Легче рассказать раненым, как воюют их товарищи и что дала нам первая переправа. Труднее ответить на вопрос: что нас ждет? Последние рубежи на Волге врагу не отдадим. Когда река покроется льдом, всем станет легче, но пока и раненым надо потерпеть. Их эвакуацию на лодках я запретил. Не для того солдат дрался на «Баррикадах», чтобы раненым утонуть в Волге под огнем неприятеля.
— Обстановка ясна…
С земли поднялся немолодой солдат. Одна рука на перевязи, другой поправил пилотку и заявил, что ему поручили выступить от имени раненых.
— До того нам, товарищ полковник, ясна обстановка, что пожелали с вами видеться. Разрешите легкораненым вернуться в строй. Поглядите, к примеру, на меня. Стрелять несподручно, так я на переправе у берега поработаю. И так каждый, чем только может… Уважьте нашу просьбу!

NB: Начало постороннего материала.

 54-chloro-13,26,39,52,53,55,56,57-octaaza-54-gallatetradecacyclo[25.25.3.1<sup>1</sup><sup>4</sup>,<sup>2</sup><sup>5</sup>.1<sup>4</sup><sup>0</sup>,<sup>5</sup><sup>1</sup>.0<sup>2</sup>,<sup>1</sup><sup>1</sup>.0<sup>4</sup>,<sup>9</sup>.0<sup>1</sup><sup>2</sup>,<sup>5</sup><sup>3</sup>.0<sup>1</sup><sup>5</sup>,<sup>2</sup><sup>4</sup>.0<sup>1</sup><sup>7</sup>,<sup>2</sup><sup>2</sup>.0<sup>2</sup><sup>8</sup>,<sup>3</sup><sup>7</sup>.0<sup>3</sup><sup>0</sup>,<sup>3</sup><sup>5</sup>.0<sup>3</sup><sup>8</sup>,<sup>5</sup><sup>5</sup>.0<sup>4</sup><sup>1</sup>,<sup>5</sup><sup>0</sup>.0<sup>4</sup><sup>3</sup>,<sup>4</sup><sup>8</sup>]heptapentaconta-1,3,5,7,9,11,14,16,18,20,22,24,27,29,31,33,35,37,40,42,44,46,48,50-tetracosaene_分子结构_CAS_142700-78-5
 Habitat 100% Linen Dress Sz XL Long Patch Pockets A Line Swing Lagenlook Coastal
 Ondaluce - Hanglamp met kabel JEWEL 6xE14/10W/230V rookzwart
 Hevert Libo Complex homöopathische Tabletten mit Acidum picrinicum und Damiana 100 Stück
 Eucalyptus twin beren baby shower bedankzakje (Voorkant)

Я обещал уважить. И тогда он от имени раненых обратился ко мне еще с одной просьбой, но сначала пожаловался на полевую почту.
— Толкуют тут про военную тайну! — сердито сказал он. — И некоторые письма у нас не берут. Нельзя, говорят, указывать город, где мы сражаемся. А почему? Мы здесь кровь пролили, здесь готовы биться до победы или смертного часа. На этот город сейчас весь мир смотрит. Так чего нам таиться?